The Real Reason to Buy Markel Stock

When looking for the best stocks to buy, it helps to look for those companies with a competitive advantage over their peers. Markel definitely has one...

Jun 12, 2014 at 1:59PM


Markel Corp (NYSE:MKL) is an insurance holding company with a wide variety of products. Since its founding in 1930, the company has grown tremendously and continues to do so. What makes Markel different than the rest, and is it a good fit for your portfolio?

An insurance business like no other
What makes Markel different than most insurance companies is the sheer diversity and uniqueness of its product line.

The company's wholesale division provides insurance solutions for common purposes like commercial property and casualty as well as medical malpractice. However, Markel prides itself for its non-standard offerings like its DataBreach and professional liability insurance products, just to name a couple.

Markel's Specialty Commercial division offers even more unusual solutions, and specializes in quantifying risks that are tough to determine. For example, the company provides bicycle insurance policies, as well as solutions to insure camps and recreation programs, child care centers, health clubs, farms, investment advisors, and pest control providers.

A full list of their unique specialty commercial programs is available here, and is a very interesting and thought-provoking read. After all, how many other companies have more than 50 years of experience insuring show horses?

There is also an extensive list of personal products Markel provides. Want to specifically insure your karate classes? Want insurance in case your parents' anniversary party needs to be cancelled? You've found the right company.

Impressive growth
One of the reasons Markel has such an enormous array of products is its long history of acquisitions. Since the 1980's, Markel has acquired 15 separate companies, many of which were highly specialized, like a summer camp insurer and a trucking insurance specialist.

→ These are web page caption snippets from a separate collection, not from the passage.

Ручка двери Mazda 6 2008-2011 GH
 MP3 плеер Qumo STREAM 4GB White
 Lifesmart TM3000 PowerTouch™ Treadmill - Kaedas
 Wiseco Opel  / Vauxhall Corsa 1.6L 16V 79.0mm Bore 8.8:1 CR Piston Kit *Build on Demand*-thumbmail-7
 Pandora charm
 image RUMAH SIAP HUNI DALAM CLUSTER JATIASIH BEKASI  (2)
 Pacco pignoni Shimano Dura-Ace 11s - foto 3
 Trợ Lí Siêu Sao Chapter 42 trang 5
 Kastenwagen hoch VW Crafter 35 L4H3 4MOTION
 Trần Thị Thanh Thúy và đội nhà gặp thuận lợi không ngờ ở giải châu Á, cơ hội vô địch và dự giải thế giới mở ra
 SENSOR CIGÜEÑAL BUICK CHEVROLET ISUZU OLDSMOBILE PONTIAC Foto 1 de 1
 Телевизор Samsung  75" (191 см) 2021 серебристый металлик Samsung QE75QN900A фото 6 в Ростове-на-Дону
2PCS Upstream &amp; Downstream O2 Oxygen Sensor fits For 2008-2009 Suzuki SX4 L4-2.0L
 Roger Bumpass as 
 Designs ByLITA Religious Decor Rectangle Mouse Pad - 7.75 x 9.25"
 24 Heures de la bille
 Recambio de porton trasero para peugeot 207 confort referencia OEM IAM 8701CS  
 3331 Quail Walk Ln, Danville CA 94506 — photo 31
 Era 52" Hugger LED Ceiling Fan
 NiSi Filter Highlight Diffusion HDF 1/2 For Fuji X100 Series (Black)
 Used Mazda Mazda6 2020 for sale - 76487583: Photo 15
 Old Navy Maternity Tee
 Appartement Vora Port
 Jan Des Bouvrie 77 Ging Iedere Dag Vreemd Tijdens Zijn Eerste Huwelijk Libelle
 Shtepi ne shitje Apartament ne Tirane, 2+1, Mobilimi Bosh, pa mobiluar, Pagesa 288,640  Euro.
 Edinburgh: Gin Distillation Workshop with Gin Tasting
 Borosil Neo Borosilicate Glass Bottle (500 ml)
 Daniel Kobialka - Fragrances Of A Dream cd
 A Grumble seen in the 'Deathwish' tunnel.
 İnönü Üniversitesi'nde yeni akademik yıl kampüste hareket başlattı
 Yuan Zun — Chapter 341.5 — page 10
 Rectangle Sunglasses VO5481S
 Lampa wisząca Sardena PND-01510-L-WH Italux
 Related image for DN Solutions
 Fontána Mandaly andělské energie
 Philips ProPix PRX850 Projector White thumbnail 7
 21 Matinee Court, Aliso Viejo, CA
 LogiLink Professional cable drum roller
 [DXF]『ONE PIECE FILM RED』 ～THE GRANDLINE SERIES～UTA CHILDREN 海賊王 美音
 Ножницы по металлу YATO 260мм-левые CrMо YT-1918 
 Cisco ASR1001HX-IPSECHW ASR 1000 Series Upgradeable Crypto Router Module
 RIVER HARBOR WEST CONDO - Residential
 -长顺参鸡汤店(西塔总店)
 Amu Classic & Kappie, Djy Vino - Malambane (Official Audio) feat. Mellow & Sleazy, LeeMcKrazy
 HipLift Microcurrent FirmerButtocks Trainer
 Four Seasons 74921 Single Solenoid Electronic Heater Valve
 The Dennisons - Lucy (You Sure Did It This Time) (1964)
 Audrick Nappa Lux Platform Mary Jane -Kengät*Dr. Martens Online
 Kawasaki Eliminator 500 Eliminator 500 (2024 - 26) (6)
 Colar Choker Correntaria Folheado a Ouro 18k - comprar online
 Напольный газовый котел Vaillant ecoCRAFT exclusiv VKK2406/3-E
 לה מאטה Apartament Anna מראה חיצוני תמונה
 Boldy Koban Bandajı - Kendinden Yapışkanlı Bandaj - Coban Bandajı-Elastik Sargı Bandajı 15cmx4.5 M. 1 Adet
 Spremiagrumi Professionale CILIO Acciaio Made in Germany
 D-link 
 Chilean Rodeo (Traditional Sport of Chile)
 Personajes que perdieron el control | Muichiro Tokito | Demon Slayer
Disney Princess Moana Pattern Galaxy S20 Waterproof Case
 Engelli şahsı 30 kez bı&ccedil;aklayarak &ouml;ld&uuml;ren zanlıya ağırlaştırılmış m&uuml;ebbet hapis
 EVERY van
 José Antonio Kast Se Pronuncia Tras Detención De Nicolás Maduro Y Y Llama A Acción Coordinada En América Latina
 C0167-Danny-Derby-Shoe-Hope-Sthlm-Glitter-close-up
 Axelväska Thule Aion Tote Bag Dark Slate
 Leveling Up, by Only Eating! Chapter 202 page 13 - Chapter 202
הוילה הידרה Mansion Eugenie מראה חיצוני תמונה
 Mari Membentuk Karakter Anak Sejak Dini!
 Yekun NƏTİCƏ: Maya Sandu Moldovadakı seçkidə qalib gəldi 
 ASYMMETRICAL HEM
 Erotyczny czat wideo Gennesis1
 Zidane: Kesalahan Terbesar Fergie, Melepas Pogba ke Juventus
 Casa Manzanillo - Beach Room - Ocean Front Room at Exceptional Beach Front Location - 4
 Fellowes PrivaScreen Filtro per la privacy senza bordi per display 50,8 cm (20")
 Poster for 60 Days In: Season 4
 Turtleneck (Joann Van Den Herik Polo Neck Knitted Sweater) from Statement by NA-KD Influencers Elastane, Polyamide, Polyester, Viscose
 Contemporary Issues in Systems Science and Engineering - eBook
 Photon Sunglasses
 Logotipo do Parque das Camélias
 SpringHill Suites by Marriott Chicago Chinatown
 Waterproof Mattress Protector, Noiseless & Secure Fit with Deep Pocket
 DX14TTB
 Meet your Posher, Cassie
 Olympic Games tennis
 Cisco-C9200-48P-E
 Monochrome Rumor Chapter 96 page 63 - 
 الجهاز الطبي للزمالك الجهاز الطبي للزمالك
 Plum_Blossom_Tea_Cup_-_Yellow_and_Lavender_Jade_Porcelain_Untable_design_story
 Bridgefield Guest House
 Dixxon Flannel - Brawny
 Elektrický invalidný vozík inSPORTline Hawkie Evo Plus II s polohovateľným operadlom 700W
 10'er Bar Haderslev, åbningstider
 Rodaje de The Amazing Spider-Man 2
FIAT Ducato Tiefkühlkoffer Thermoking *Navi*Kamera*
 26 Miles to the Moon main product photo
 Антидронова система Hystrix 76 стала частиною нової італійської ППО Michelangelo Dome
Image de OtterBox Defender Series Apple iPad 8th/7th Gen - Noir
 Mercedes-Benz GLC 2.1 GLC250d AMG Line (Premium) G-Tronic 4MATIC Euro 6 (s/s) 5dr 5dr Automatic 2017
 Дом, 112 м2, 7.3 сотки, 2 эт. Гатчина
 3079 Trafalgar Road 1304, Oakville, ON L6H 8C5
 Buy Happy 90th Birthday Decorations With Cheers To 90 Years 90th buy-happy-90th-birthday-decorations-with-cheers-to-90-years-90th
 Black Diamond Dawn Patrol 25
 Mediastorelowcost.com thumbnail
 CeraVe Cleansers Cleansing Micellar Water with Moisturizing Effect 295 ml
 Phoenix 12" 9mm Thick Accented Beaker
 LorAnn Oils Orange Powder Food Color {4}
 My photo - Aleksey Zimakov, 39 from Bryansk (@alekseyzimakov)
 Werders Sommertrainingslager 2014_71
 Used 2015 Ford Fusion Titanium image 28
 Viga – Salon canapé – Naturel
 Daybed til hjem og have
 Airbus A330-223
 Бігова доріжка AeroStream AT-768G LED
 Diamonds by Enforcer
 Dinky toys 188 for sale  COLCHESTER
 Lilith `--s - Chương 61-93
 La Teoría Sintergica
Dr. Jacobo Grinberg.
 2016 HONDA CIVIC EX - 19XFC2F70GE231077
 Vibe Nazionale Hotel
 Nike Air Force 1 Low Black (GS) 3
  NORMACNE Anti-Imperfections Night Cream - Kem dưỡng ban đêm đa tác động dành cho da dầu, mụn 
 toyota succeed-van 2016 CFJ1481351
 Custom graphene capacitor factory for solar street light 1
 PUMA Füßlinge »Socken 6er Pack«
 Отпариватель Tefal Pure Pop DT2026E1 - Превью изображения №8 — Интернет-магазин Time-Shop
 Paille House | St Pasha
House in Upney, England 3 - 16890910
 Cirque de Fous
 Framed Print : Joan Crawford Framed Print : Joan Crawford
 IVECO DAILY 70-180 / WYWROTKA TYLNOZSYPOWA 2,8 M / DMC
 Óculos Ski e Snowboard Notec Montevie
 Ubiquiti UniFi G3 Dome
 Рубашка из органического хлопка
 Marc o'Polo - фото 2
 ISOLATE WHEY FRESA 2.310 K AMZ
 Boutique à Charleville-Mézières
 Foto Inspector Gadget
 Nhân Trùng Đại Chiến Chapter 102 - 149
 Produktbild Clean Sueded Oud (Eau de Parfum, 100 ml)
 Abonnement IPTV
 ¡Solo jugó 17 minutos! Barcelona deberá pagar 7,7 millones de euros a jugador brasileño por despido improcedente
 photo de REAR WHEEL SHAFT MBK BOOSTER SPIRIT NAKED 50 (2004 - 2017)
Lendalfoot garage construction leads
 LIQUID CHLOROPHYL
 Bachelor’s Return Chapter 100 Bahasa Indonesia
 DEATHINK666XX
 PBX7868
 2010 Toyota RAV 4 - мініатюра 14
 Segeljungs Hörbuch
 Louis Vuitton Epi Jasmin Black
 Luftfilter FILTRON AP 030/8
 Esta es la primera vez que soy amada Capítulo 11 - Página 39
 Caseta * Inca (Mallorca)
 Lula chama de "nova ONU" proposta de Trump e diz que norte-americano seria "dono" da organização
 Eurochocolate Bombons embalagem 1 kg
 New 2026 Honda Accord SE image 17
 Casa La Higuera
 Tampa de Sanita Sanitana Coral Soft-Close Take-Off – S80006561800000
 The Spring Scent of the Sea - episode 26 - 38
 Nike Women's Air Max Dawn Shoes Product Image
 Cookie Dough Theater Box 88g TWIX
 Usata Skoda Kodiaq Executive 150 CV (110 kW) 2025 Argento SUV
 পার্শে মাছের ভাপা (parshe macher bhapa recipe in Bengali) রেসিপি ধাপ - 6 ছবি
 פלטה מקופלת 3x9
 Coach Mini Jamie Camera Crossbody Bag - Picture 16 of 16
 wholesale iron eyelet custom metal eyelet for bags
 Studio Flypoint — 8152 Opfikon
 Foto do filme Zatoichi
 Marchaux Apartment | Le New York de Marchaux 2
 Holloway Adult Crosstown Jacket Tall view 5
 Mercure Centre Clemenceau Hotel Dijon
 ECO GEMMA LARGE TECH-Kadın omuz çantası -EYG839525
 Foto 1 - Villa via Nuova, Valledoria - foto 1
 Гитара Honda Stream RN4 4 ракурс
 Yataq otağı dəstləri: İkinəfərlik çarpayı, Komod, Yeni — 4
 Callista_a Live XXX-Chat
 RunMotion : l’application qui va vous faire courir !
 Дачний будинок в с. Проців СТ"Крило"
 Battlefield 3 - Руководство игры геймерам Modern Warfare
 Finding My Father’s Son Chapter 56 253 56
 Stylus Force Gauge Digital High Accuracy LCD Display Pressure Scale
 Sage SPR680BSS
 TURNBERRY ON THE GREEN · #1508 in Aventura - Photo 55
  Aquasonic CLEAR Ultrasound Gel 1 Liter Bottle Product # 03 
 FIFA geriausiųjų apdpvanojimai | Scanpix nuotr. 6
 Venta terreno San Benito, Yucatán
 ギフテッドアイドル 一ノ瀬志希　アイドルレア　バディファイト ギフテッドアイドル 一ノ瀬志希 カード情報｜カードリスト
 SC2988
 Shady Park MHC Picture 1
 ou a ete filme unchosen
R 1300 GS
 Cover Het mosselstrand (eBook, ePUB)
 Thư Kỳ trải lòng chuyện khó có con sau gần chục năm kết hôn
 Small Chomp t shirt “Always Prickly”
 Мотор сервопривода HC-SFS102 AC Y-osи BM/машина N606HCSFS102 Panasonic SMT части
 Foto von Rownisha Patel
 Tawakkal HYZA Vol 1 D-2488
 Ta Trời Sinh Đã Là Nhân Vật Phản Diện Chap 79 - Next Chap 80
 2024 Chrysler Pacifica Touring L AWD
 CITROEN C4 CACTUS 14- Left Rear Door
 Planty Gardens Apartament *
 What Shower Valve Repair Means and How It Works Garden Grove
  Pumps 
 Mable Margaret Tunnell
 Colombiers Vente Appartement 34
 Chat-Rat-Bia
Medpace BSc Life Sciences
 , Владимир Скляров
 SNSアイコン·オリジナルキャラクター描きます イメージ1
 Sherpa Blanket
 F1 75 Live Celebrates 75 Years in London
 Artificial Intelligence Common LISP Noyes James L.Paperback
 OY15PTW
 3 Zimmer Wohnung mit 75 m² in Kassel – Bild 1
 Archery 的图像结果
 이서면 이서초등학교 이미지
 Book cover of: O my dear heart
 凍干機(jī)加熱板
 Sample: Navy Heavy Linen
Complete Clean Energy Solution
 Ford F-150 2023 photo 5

Most recently, Markel acquired Alterra Capital, a deal which nearly doubled its insurance portfolio, but even excluding that, the growth is impressive. Markel's portfolio of insurance premiums written has averaged an impressive 18% annual growth rate over the past two decades.

However, aside from the acquisitions, Markel has grown rapidly because it's very good at what it does – offering a unique product to consumers at a price that attracts business. It is also very good at judging risk, and has done a very good job of taking in more in premiums than it pays out.

Over the past decade, Markel's combined ratio (that is, the amount it pays out relative to the premiums it collects) has only been around 100% twice, and just barely, at 101% and 102%. During the past decade as a whole, Markel has averaged a combined ratio of just under 96%, meaning it is doing a very good job of approximating the risk their policies are taking on.

On top of this, Markel receives income from its investments while it holds the collected premiums in its accounts (this is actually how insurance companies make the bulk of their profits).

In fact, over the past 20 years, Markel's insurance portfolio per share has grown at an average annual rate of 13%.

It's relatively easy to quantify Markel's overall performance over the past few decades. The company doesn't pay a dividend, and instead feels its money is better spent reinvested into its business (sounds kind of like Warren Buffett). Over the past 20 years, shares have risen from $39 to about $647 as of this writing, for an average annual return of more than 15%. With returns like that, I'm inclined to agree with management on the no-dividend policy.

The bottom line
Markel is the kind of company any long-term investor should love, because it has a distinct competitive advantage in its extremely diverse and unique product portfolio.

Finally, one of the most compelling reasons to love Markel is its shareholder-friendly management. In the company's 2013 letter to shareholders, the company's board members wrote:

"This is your company. We as managers are stewards of your capital. You've entrusted us with the authority to run this business, and this annual report functions as our report card to you."

The management has delivered for its shareholders year after year.

If only every company's management thought like that...

Is this stock a better investment than Markel?
Imagine a company that rents a very specific and valuable piece of machinery for $41,000 per hour (That’s almost as much as the average American makes in a year!). And Warren Buffett is so confident in this company’s can’t-live-without-it business model, he just loaded up on 8.8 million shares. An exclusive, brand-new Motley Fool report details this company that already has over 50% market share. Just click HERE to discover more about this industry-leading stock… and join Buffett in his quest for a veritable landslide of profits!

Matthew Frankel has no position in any stocks mentioned. The Motley Fool recommends Markel. The Motley Fool owns shares of Markel. Try any of our Foolish newsletter services free for 30 days. We Fools may not all hold the same opinions, but we all believe that considering a diverse range of insights makes us better investors. The Motley Fool has a disclosure policy.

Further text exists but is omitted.